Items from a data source
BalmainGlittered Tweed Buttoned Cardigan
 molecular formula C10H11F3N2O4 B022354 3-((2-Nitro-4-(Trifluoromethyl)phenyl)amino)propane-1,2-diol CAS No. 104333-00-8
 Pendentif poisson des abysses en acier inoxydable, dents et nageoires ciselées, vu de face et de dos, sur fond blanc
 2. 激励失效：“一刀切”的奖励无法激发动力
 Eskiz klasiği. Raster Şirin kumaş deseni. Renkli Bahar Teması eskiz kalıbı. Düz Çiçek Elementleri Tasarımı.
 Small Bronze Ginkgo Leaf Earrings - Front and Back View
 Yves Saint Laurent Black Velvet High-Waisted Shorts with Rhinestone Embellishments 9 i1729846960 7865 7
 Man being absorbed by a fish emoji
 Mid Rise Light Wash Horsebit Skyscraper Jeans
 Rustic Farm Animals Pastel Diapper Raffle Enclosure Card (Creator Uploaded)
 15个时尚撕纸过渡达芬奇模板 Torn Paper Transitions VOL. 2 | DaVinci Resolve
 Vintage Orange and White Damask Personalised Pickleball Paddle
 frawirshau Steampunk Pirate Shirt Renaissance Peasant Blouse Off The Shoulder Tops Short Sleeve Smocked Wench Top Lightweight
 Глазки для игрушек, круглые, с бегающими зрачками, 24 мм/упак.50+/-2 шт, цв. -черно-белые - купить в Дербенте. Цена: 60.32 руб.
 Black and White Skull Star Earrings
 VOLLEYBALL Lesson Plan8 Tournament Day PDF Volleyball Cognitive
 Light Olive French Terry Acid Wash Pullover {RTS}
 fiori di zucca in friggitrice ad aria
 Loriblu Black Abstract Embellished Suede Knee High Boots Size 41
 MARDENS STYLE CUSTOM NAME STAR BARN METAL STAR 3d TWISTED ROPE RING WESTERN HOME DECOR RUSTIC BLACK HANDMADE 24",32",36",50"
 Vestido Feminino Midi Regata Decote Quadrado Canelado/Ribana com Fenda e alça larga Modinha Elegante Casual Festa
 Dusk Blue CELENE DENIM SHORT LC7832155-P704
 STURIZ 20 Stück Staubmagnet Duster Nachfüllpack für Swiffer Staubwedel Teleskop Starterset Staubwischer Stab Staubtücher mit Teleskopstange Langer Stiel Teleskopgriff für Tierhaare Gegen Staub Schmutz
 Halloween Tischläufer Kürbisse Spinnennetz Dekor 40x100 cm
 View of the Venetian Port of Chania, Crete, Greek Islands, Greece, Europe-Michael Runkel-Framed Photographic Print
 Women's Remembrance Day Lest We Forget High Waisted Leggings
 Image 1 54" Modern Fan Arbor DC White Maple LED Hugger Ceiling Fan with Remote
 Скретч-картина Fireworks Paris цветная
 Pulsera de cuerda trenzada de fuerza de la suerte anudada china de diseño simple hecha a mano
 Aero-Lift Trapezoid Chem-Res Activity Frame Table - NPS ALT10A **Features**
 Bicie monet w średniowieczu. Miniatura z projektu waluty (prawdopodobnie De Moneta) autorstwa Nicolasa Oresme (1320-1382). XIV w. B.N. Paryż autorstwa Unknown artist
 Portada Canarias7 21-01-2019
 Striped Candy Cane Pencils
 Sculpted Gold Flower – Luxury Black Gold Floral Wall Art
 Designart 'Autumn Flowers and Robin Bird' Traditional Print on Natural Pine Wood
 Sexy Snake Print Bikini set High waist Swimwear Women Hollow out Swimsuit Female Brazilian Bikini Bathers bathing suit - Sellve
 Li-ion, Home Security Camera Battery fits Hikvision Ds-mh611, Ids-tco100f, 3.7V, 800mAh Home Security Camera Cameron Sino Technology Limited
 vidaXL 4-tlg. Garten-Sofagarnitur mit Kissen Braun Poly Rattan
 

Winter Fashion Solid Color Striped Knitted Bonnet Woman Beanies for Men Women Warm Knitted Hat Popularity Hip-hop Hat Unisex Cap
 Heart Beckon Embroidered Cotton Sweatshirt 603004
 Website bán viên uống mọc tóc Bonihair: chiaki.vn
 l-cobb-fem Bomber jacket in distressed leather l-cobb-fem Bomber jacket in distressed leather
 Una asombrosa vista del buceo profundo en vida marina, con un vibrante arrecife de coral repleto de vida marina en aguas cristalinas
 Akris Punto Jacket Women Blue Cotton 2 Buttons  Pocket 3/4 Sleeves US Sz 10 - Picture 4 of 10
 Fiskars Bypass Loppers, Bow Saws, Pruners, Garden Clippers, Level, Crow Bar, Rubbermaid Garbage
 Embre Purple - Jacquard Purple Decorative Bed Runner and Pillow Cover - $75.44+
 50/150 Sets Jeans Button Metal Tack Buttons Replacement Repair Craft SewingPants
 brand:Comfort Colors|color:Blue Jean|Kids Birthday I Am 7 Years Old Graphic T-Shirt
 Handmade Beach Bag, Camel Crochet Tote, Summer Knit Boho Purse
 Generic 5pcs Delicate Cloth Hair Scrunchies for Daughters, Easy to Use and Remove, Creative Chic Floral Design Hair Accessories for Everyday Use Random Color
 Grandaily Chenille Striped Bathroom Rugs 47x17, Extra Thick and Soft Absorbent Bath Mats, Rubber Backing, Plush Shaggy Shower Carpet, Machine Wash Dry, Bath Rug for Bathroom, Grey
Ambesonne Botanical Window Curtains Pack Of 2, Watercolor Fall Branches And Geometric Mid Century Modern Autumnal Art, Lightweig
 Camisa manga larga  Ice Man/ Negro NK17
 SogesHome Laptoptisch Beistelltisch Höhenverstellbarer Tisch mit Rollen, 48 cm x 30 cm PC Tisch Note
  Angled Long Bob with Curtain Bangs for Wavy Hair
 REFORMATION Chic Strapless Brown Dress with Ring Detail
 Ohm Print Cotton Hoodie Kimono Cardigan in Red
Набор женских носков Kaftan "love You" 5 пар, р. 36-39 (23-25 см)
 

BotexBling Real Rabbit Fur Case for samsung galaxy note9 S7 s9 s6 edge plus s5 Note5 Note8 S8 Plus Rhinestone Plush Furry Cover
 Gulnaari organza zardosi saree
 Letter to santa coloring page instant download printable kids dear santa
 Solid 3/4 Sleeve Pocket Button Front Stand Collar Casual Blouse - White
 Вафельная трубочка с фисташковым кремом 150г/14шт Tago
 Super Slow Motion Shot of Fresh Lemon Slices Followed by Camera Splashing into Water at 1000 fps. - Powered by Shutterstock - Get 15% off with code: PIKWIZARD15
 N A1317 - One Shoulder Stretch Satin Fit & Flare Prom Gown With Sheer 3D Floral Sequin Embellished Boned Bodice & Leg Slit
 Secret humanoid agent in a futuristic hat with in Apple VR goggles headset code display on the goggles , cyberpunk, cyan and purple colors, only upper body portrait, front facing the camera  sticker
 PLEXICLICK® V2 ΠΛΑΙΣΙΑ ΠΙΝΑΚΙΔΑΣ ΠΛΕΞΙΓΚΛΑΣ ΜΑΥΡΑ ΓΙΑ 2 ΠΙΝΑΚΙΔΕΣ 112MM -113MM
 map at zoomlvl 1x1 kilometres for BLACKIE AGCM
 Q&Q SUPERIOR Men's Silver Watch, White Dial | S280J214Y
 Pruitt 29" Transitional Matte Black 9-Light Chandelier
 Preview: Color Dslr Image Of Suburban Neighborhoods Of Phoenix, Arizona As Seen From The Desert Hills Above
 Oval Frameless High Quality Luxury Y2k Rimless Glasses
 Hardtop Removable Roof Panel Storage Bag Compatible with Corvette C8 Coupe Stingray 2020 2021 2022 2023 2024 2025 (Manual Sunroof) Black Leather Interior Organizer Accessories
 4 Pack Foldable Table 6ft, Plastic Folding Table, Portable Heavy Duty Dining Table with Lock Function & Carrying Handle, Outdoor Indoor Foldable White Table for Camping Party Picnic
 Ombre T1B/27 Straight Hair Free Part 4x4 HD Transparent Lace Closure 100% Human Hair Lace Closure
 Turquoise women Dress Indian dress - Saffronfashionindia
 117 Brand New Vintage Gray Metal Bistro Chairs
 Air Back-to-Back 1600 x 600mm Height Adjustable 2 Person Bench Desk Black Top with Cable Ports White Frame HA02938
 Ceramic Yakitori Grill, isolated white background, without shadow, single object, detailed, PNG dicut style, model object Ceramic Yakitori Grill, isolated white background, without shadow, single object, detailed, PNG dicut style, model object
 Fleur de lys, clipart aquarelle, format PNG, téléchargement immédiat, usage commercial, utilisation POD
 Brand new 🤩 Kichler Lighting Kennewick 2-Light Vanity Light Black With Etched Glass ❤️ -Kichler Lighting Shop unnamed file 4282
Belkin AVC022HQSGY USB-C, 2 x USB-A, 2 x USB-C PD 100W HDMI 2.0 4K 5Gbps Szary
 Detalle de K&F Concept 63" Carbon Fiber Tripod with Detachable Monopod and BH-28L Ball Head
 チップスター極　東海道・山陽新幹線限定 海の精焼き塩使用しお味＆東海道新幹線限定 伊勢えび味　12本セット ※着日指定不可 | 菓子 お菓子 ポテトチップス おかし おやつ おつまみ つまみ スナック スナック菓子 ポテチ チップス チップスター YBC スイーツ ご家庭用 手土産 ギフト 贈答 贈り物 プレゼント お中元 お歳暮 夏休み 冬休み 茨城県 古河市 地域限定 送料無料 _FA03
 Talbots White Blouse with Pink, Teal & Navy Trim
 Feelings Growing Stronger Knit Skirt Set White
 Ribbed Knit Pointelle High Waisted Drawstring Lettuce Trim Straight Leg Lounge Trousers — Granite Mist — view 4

◆ **WHAT TO WORK ON**
Once you have counted the lines of the records holding the string "Dress", state that number with no other words.

◆ **EXPECTED OUTPUT**
2